Ask AI

Migrating the PythonOperator to Dagster#

In this page, we'll explain migrating an Airflow PythonOperator to Dagster.

Background#

In Airflow, the PythonOperator runs arbitrary python functions. For example, you might have a task that runs function write_to_db, which combs a directory for files, and writes each one to a db table.

from airflow.operators.python import PythonOperator


def write_to_db() -> None:
    for raw_file in RAW_DATA_DIR.iterdir():
        df = contents_as_df(raw_file)
        upload_to_db(df)


PythonOperator(python_callable=write_to_db, task_id="db_upload", dag=...)

Dagster equivalent#

The Dagster equivalent is instead to construct a asset or multi_asset-decorated function, which materializes assets corresponding to what your python function is doing.

from dagster import asset


@asset(key=TABLE_URI)
def write_to_db() -> None:
    for raw_file in RAW_DATA_DIR.iterdir():
        df = contents_as_df(raw_file)
        upload_to_db(df)

Migrating the operator#

Migrating the operator breaks down into a few steps:

  1. Make a shared library available to both Airflow and Dagster with your python function.
  2. Writing an @asset-decorated function which runs the python function shared between both modules.
  3. Using dagster-airlift to proxy execution of the original task to Dagster.

Step 1: Building a shared library#

We recommend a monorepo setup for migration; this allows you to keep all your code in one place and easily share code between Airflow and Dagster, without complex CI/CD coordination.

First, we recommend factoring out a shared package to be available to both the Dagster runtime and the Airflow runtime which contains your python function. The process is as follows:

  1. Scaffold out a new python project which will contain your shared infrastructure.
  2. Ensure that the shared library is available to both your Airflow and Dagster deployments. This can be done by adding an editable requirement to your setup.py or pyproject.toml file in your Airflow/Dagster package.
  3. Include the python dependencies relevant to your particular function in your new package. Write your python function in the shared package, and change your Airflow code to import the function from the shared library.

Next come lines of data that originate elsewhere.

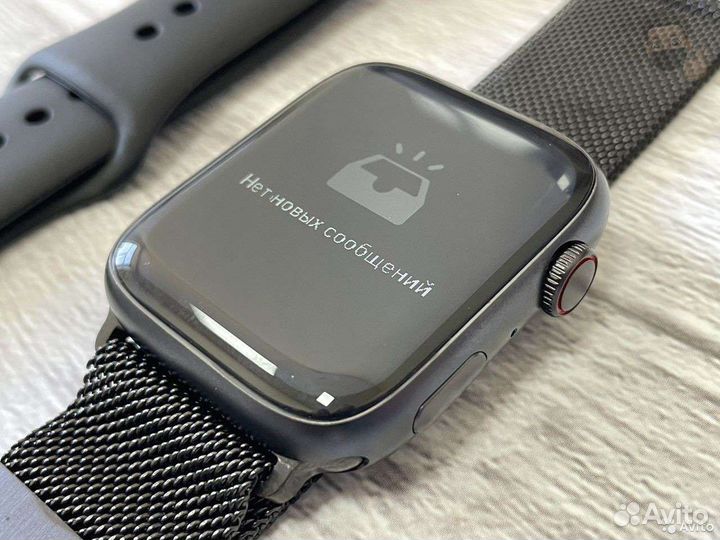 Apple Watch 7 space gray (безрамочные) 2 ремешка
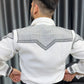 Men's Luxury Satin Rhinestone Western Shirt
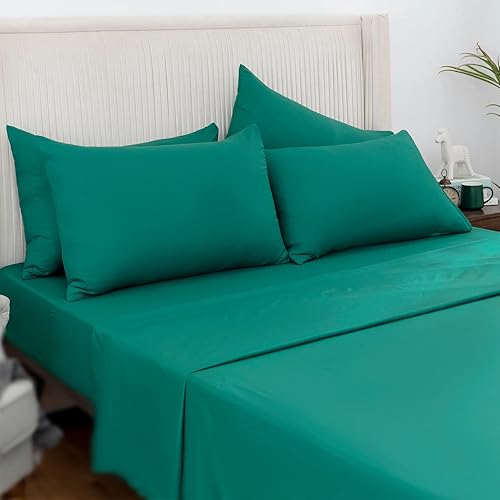 Juego de sábanas para cama King ultrasuaves serie 1800, sábanas refrescantes de lujo, 100% microfibra, transpirable, sin arrugas, tamaño King,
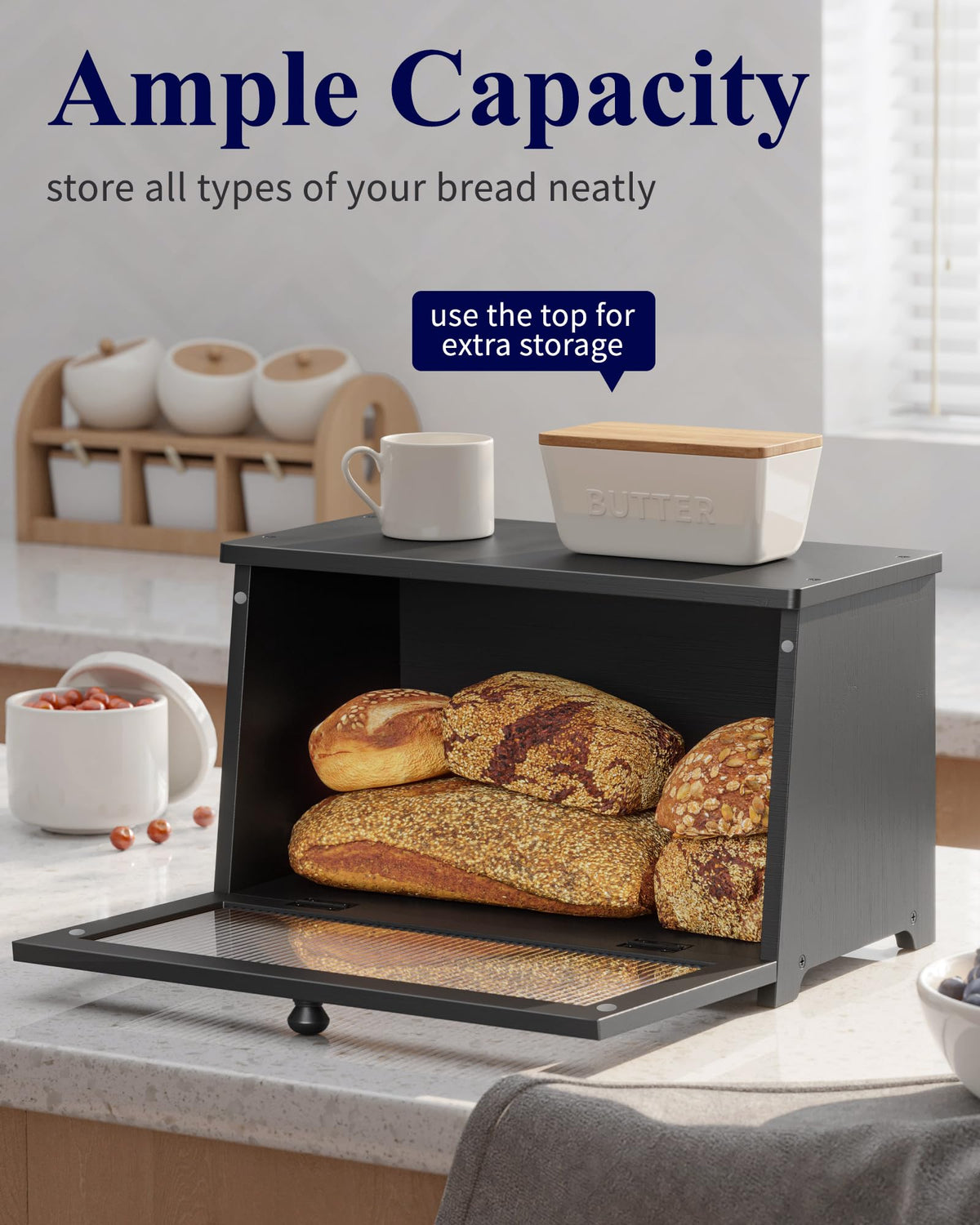 Kitsure Wooden Bread Box for Kitchen Countertop, 1-Tier, Black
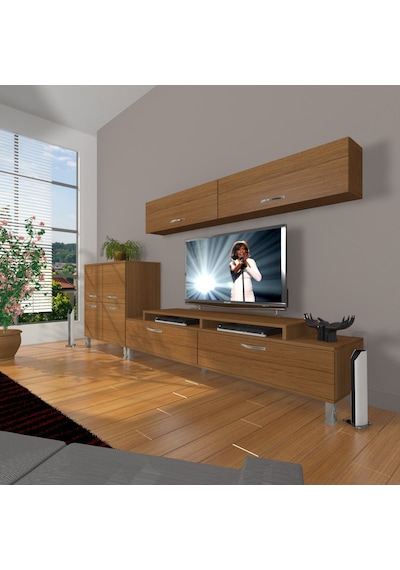 Decoraktiv Ekoflex 6y Slm Krom Ayaklı Tv Ünitesi Tv Sehpası Ceviz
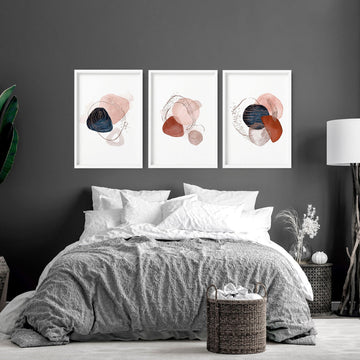 Abstract print for bedroom | set of 3 wall art prints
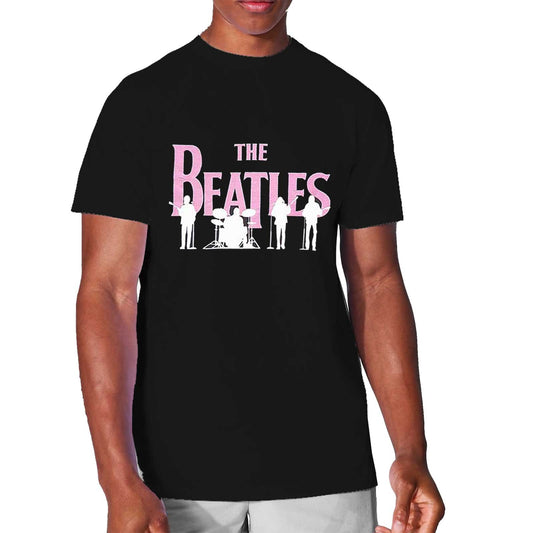 The Beatles Hi-Build T-Shirt: Band Silhouettes Style001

To illustrate what this might look like a bit more; let's say you originally have this project structure in Airflow:

airflow_repo/
├── airflow_package/
│   └── dags/
│       └── my_dag.py  # Contains your Python function

With dag code that looks this:

from airflow.operators.python import PythonOperator


def write_to_db() -> None:
    for raw_file in RAW_DATA_DIR.iterdir():
        df = contents_as_df(raw_file)
        upload_to_db(df)


PythonOperator(python_callable=write_to_db, task_id="db_upload", dag=...)

You might create a new top-level package to contain the shared code:

airflow_repo/
├── airflow_package/
│   └── dags/
│       └── my_dag.py  # Imports the python function from shared module.
├── shared-package/
│   └── shared_package/
│       └── shared_module.py  # Contains your Python function

And then import the function from the shared package in Airflow:

from airflow.operators.python import PythonOperator
from shared_module import write_to_db

PythonOperator(python_callable=write_to_db, task_id="db_upload", dag=...)

The reason we recommend using a separate shared package is to help ensure that there aren't dependency conflicts between Airflow and Dagster as you migrate. Airflow has very complex dependency management, and migrating to Dagster gives you an opportunity to clean up and isolate your dependencies. You can do this with a series of shared packages in the monorepo, which will eventually be isolated code locations in Dagster.

Step 2: Writing an @asset-decorated function#

Next, you can write a Dagster asset or multi_asset-decorated function that runs your python function. This will generally be pretty straightforward for a PythonOperator migration, as you can generally just invoke the shared function into the asset function.

# start_asset
# This would be the python code living in a shared module.
from shared_module import my_shared_python_callable

from dagster import asset


@asset
def my_shared_asset():
    return my_shared_python_callable()


# end_asset

Step 3: Using dagster-airlift to proxy execution#

Finally, you can use dagster-airlift to proxy the execution of the original task to Dagster. The dagster-airlift migration guide details this process.